5.7       Met voorgaande overweging heeft het college geen uitspraak willen doen over

de vraag of verweerder wel of niet de toestand van E medisch juist heeft beoordeeld en de behandeling met Ritalin en ouderbegeleiding nodig heeft geacht.

Wel moet de conclusie luiden dat de klacht grotendeels gegrond is. Verweerder heeft gehandeld in strijd met de zorg die hij ingevolge artikel 47 lid 1 van de Wet op de beroepen in de individuele gezondheidszorg jegens klager had behoren te betrachten

De oplegging van na te melden maatregel is daarvoor passend.

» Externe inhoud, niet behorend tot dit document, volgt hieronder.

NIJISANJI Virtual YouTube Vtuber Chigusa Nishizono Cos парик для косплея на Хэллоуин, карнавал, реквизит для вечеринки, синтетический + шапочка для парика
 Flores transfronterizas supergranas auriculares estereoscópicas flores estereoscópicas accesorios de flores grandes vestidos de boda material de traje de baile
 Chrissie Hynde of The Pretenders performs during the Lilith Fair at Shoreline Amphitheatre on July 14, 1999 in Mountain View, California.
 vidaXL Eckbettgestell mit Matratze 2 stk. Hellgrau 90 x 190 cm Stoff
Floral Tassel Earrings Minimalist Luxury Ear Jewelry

Om redenen, aan het algemeen belang ontleend, zal de beslissing zodra zij onherroepelijk is op na te melden wijze worden bekendgemaakt.

6. De beslissing.

Het college waarschuwt verweerder.

Bepaalt voorts dat de beslissing ingevolge artikel 71 van de Wet BIG

geheel in de Nederlandse Staatscourant zal worden bekendgemaakt en aan de tijdschriften Tijdschrift voor Gezondheidsrecht en Medisch Contact ter bekendmaking zal worden aangeboden.

Aldus gewezen op 2 februari 2010 door:

mr. J.S.W. Holtrop, voorzitter,

A.G. Ketel, M. Bakker en P. Beker, leden-arts,

mr. W.A.H. Melissen, lid-jurist,

mr. J. Ch. Blaisse,als secretaris,

en in het openbaar uitgesproken ter terechtzitting van 30 maart 2010 door de voorzitter in aanwezigheid van de secretaris.